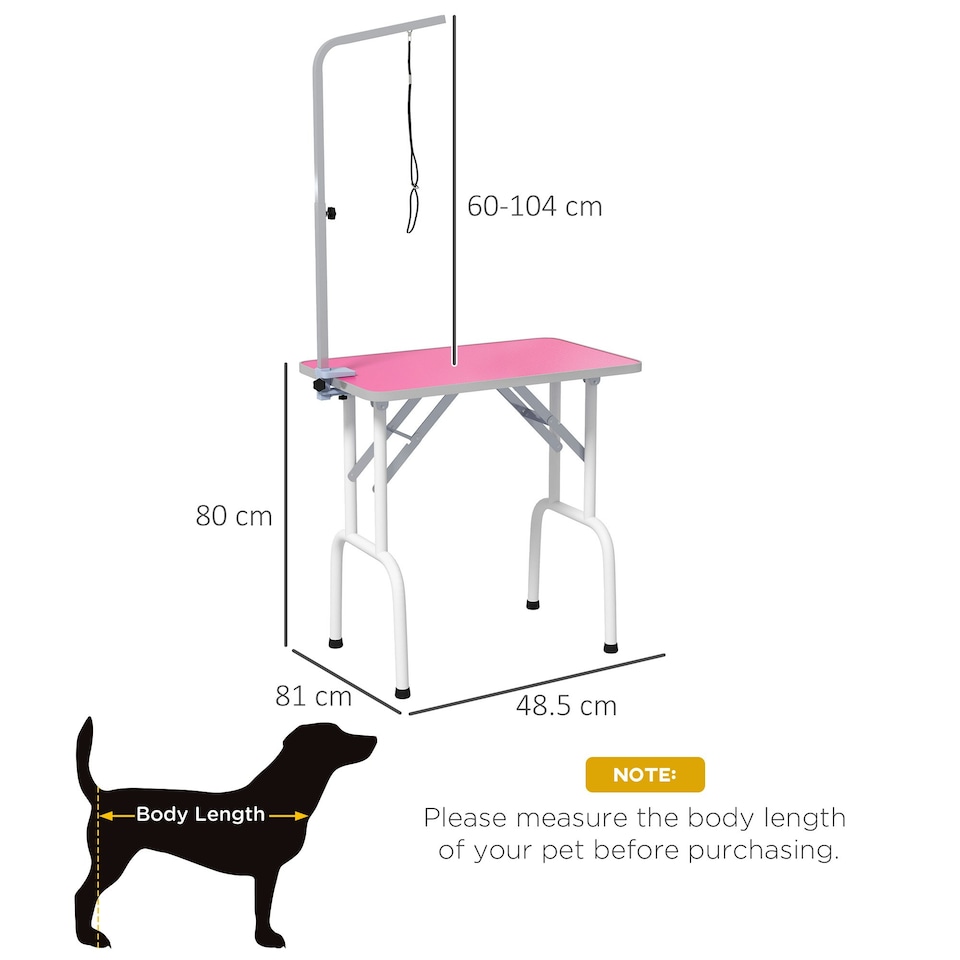 image 1 of PawHut Foldable Dog Grooming Table Adjustable Arm 81x49x80 cm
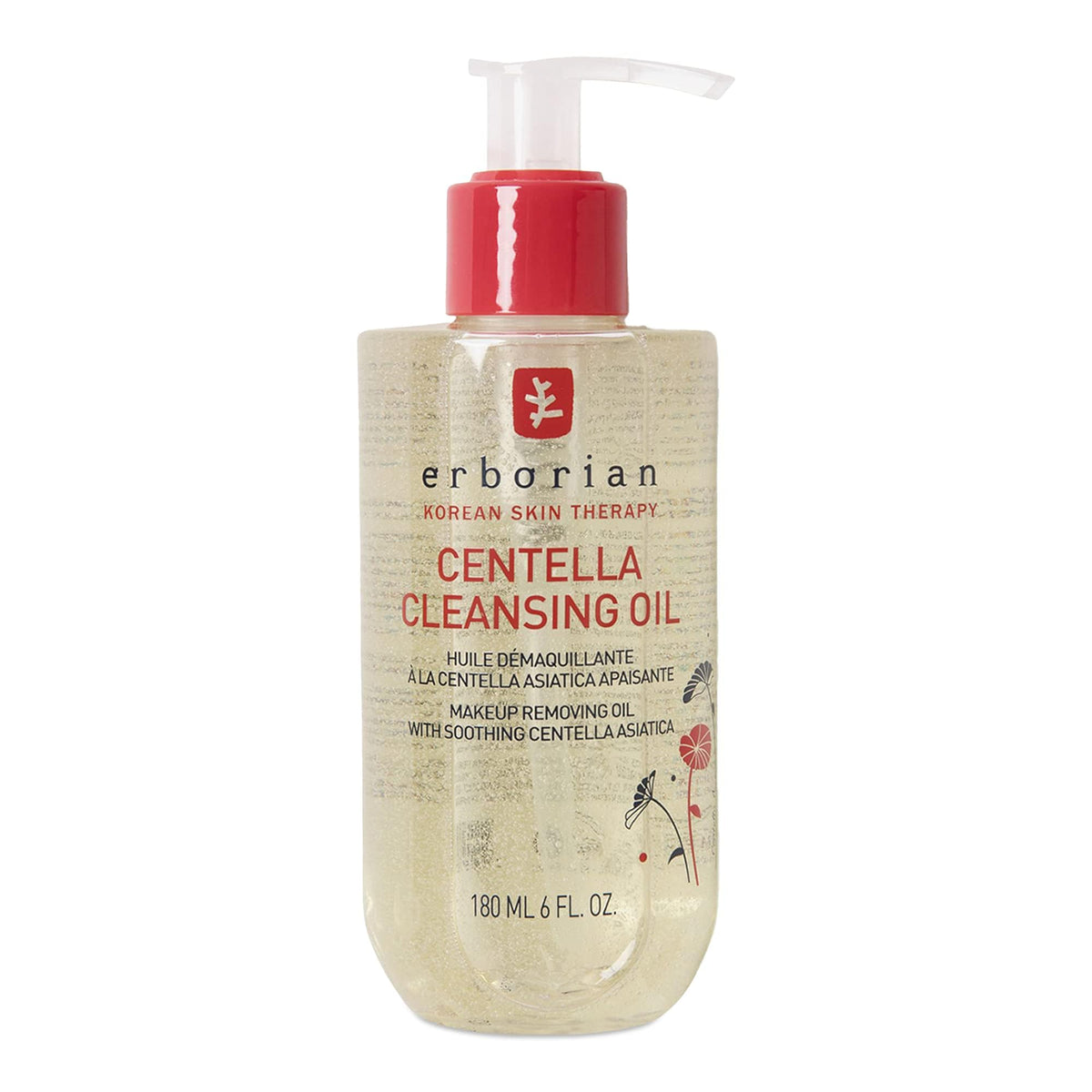 Erborian Centella Cleansing Oil packaging highlights soothing, easy makeup removal for daily skin care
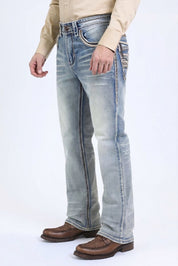 Holt Summit Chevron Bootcut Jeans | Jeans | Men's Light Blue Bootcut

[What the exercise asks]:
Starting at the line that holds "Erborian Centella Cleansing", retype every line through the end of the data, both ends included. Pictures stay out of the copy.

[Output of the task]:
 Erborian Centella Cleansing Oil packaging highlights soothing, easy makeup removal for daily skin care
 Holt Summit Chevron Bootcut Jeans | Jeans | Men's Light Blue Bootcut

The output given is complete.